La zone Seveso, une biodiversité à part

En suivant les berges vers l’est, le quai Jacoutot - long de 3,5 kilomètres - croise la rue de Rouen. À gauche, la route mène au cœur de la Robertsau; tout droit, le quai file vers le port aux pétroles, bordé par une trentaine de platanes parfaitement alignés. Ce site est classé Seveso du fait du stockage de liquides inflammables et de produits toxiques, ce qui entraîne la mise en place de mesures de sécurité supplémentaires. Dans le cadre du Plan de protection des risques technologiques (PPRT), les parcelles les plus proches des structures dangereuses ont fait l’objet de mesures d'expropriation. C’est le cas des anciens terrains de la compagnie française de navigation rhénane. Ses espaces à l’abandon laissent proliférer séneçons du Cap, lierre, clématite des bois qui grimpent le long des clôtures abîmées.

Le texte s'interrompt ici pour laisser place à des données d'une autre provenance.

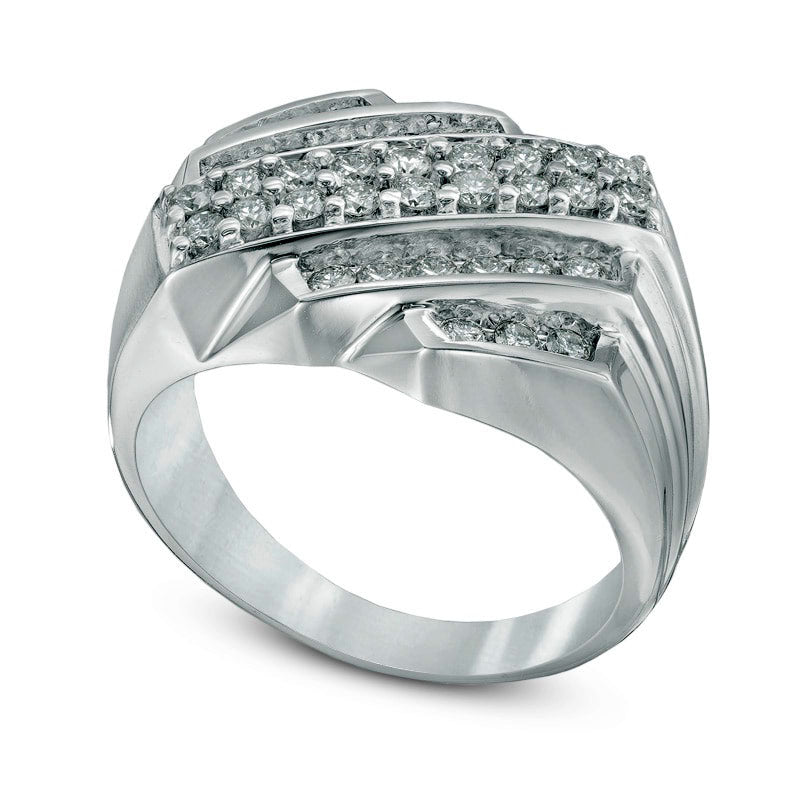 Men's 1.0 CT. T.W. Natural Diamond Multi-Row Diagonal Slant Ring in Solid 10K White Gold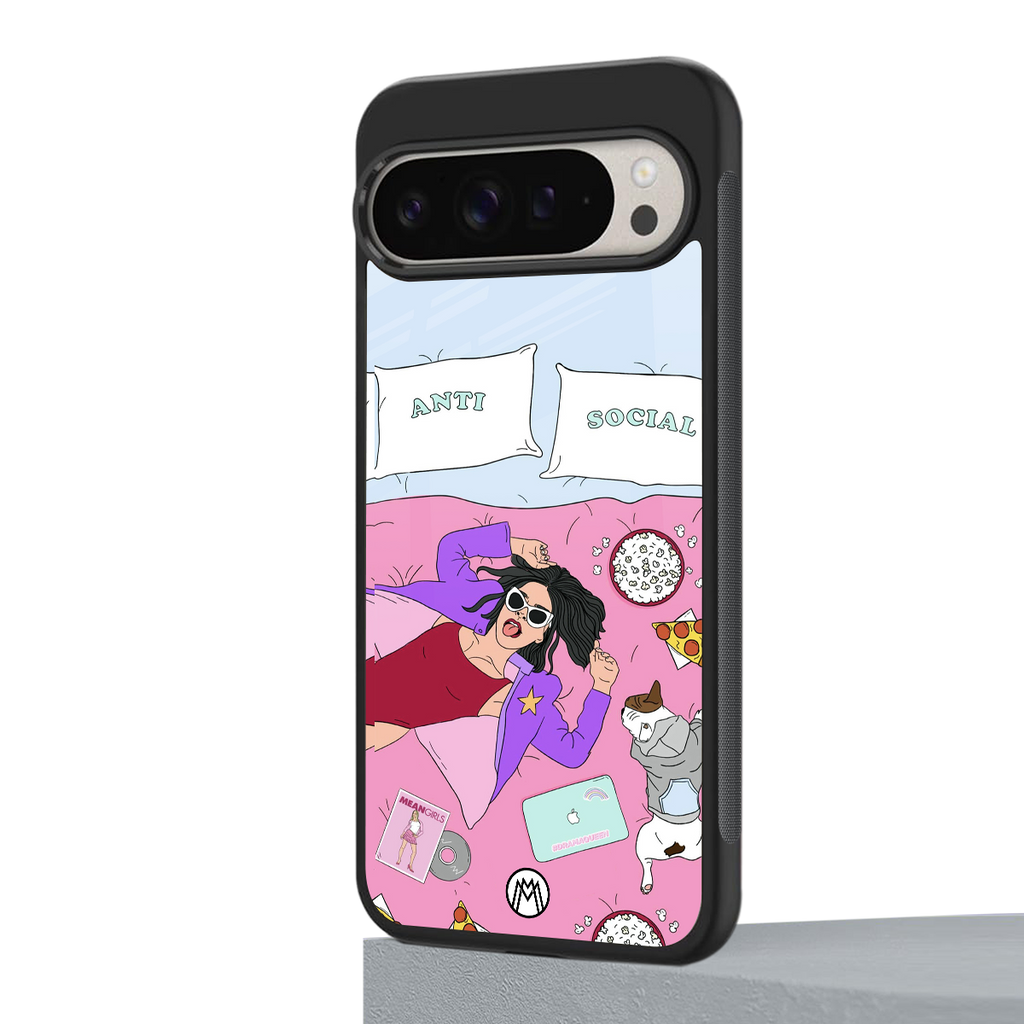 anti social chick girl back phone cover | glass case for google pixel 9 pro xl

“C’est dans les friches [industrielles] qu’on trouve le plus de biodiversité”, explique Sébastien Heim, patron de l'entreprise Hymenoptera, basée à Obersteinbach, qui conseille les entreprises et les municipalités dans la création de biotopes. “Comme il y a moins d’interventions humaines, on y trouve beaucoup plus de fleurs que dans des prairies grasses riches en engrais”, note-t-il.

Un constat que partage Marie-Madeleine Leroy, enseignante à la retraite désormais membre de la LPO et d’Alsace Nature. Devant la friche de l’ancien hôtel À l’écluse du Rhin, la militante note la présence de sureau, mais aussi de buddleia, une plante invasive “dont raffolent les papillons”. Le lieu constitue un “abri idéal pour les oiseaux et les rongeurs, qui peuvent se nourrir de graines et s’abriter dans les recoins du jardin”, s’enthousiasme-t-elle. 

Une fauche qui fâche 

Au bout du quai, le port aux pétroles a recours à des fauches régulières pour se prémunir des incendies. Elles ont lieu trois fois dans l’année: “une au printemps, la coupe de sécurité, une fin juin-début juillet, la fauche de propreté, et enfin la fauche hivernale”, regrette Marie-Madeleine Leroy. Animaux pris au piège, perte de fleurs pour les insectes pollinisateurs: la coupe “nuit à la biodiversité”, justifie la militante. 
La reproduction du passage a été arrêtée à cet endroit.